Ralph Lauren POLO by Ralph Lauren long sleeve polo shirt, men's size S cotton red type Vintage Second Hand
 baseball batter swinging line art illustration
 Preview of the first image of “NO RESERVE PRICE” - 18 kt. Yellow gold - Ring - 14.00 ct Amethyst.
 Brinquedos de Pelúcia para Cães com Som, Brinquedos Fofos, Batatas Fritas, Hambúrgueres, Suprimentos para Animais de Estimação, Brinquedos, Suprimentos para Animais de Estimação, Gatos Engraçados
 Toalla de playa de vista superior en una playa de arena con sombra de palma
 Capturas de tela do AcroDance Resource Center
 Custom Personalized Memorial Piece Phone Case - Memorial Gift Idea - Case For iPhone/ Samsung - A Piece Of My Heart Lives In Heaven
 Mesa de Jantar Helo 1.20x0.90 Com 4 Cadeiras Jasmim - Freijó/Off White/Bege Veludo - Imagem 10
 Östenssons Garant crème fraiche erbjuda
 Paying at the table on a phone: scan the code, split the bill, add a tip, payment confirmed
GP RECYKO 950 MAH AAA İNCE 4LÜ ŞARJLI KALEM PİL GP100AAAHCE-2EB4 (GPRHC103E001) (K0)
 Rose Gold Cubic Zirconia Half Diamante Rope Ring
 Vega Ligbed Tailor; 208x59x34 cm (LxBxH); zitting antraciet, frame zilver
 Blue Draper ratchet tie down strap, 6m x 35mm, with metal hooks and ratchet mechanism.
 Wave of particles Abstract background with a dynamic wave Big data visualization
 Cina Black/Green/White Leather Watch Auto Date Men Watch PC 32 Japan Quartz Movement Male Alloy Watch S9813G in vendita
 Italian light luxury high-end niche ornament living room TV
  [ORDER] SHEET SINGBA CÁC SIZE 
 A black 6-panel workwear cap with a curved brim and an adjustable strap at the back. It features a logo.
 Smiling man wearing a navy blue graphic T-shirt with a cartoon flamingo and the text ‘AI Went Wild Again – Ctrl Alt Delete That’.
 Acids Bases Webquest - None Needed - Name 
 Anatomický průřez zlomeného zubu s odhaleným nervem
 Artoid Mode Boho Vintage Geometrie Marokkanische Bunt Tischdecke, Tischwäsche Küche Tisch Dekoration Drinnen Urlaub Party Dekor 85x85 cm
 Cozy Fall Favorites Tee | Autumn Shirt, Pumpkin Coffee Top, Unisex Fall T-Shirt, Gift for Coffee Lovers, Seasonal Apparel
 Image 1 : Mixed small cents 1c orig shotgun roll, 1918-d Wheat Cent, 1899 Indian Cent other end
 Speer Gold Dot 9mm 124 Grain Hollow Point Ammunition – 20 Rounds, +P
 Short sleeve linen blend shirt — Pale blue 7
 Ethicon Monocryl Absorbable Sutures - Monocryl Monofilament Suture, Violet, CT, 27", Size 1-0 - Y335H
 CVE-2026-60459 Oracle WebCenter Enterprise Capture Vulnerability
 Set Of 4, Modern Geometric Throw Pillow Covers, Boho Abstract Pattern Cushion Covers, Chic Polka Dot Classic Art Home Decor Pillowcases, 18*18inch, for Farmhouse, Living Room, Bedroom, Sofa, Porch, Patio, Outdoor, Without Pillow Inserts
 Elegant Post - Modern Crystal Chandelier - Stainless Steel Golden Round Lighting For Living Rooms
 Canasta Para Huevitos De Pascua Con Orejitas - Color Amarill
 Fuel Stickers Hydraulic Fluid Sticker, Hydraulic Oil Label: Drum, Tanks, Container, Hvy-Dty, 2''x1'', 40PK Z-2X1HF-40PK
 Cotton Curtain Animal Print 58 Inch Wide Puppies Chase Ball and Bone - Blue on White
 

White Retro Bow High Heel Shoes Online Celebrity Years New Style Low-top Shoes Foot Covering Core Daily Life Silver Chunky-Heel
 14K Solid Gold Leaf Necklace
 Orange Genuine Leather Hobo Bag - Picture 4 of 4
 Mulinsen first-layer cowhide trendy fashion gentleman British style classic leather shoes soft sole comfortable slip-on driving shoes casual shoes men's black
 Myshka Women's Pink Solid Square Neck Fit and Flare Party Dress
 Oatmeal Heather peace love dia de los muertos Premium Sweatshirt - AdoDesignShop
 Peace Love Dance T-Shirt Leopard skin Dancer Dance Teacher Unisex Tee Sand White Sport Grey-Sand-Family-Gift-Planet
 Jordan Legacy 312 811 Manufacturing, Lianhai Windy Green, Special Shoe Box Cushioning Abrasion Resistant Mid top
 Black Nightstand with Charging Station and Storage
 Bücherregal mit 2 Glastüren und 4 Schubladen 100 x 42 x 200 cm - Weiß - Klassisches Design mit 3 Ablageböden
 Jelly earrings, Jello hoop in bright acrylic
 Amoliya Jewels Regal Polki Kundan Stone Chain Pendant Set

^^^^^^^^

*Instructions to follow*.
Where the material contains a line with "strap", return that line.

*Answer to the exercise*.
 Blue Draper ratchet tie down strap, 6m x 35mm, with metal hooks and ratchet mechanism.
 A black 6-panel workwear cap with a curved brim and an adjustable strap at the back. It features a logo.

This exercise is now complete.